If your kid catches on and asks what you're up to:

"I've been thinking about what makes our family time better. I figured I'd just ask what you like most."

2. Watch What They Do (Without Prompting)

Parent quietly observing their child playing, with a gentle detective-like attentiveness

Children naturally express love the way they want to receive it. Watch how your child shows affection when nobody has prompted them — to you, friends, teachers, grandparents. The clues are already there.

Closeness

Always climbing into your lap, holding your hand at the store, wanting piggyback rides long after they're "too old"

Encouragement

Tells the neighbor "my mom makes the best pancakes," writes unsolicited "you're the best" notes

Togetherness

Follows you room to room, wants to tag along to the grocery store, says "stay with me" at bedtime

Surprises

Makes you "gifts" from craft supplies, picks flowers on walks, wraps up their own toys to give you

Helpful Actions

Tries to carry bags for you, sets the table without being asked, volunteers to help a younger sibling

Key rule: Only count unprompted behavior. If you suggested "why don't you make Grandma a card?" — that doesn't count.

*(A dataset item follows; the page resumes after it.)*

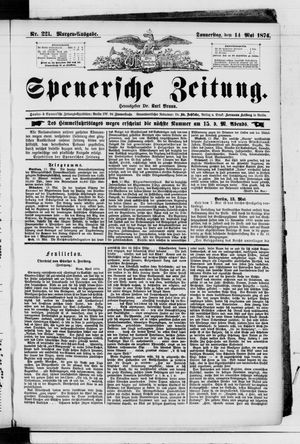 Spenersche Zeitung vom 14.05.1874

3. Listen to the Complaints

This one is almost too easy. Complaints are requests turned inside out. The thing they gripe about most reveals what matters most to them.

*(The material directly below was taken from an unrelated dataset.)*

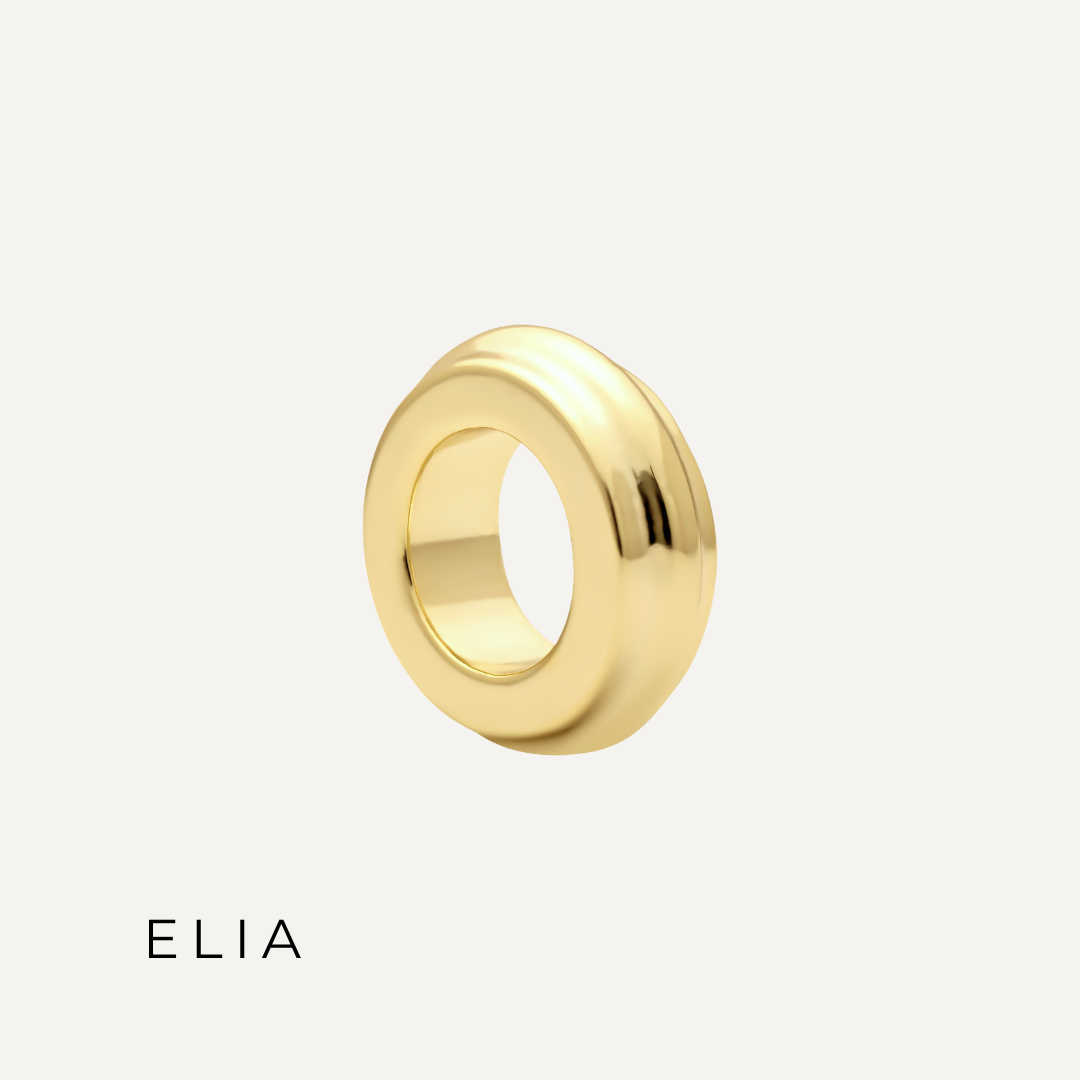 PACK PULSERA ELOISA + CHUNKY CHARMS BAÑO DE ORO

"You're always on your phone"
Togetherness
"You only notice when I mess up"
Encouragement
"Nobody ever helps me"
Helpful Actions
"You never cuddle me anymore"
Closeness
"You forgot to bring me something"
Surprises

Filter out one-offs. A single grumpy comment after a rough day isn't data. You're looking for the same theme surfacing again and again over weeks.

4. Track Their Requests

Over 2-3 weeks, listen for the emotional requests hiding inside everyday asks. Not "can I have a cookie" — the other kind.

Togetherness

"Watch me do this!" / "Can we go somewhere together?" / "Come see what I made!"

Encouragement

"Was that good?" / "Do you like it?" / "Am I doing it right?"

Helpful Actions

"Can you help me build this?" / "Will you make my lunch the special way?"

Closeness

"Carry me" / "Scratch my back" / keeps finding reasons to be physically near you

If more than half the emotional requests point to one style, that's your signal.

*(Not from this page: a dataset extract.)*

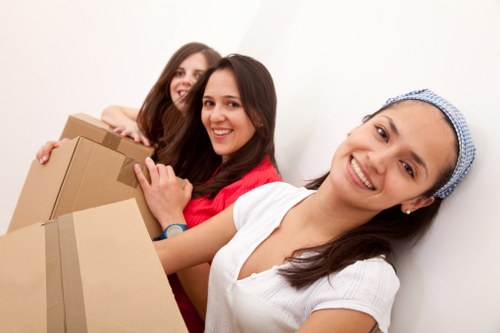 Different box sizes used for packing in Barnes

Still Not Sure? The 10-Day Deep Dive

If none of the above produces a clear winner, try concentrated immersion in one style at a time.

1
Go heavy on one style for 5 days. Example: Togetherness — 20-30 minutes of fully focused, phone-away time every single day.
2
Watch for the response. More smiles? Calmer evenings? Spontaneous affection? Or do they appreciate it but not light up?
3
Ease back for 3-4 days. Return to normal. Does your child ask for what you just pulled back? That's a strong signal.
4
Move to the next style and repeat. Cycle through all five. The whole process takes about 6-8 weeks.
5
Compare your notes. Which style got the biggest response? Which pullback triggered the most complaints? That's your answer.

Three Things to Keep in Mind

Preferences shift.

What works at 6 might not fit at 12. Re-run this detective work informally once a year, especially around big transitions — new school, new sibling, puberty.

Under 5? Hold off.

Most children don't show a clear preference until around age 5-6. Before that, pour all five styles on generously and don't try to pin down a primary one.

The primary style leads. It doesn't replace the others.

Finding your child's top style means you lead with that one. You never drop the other four. Think of it like a volume knob, not a switch.

Speak all five styles. Lead with the one that lights them up.
The goal isn't a label — it's paying closer attention.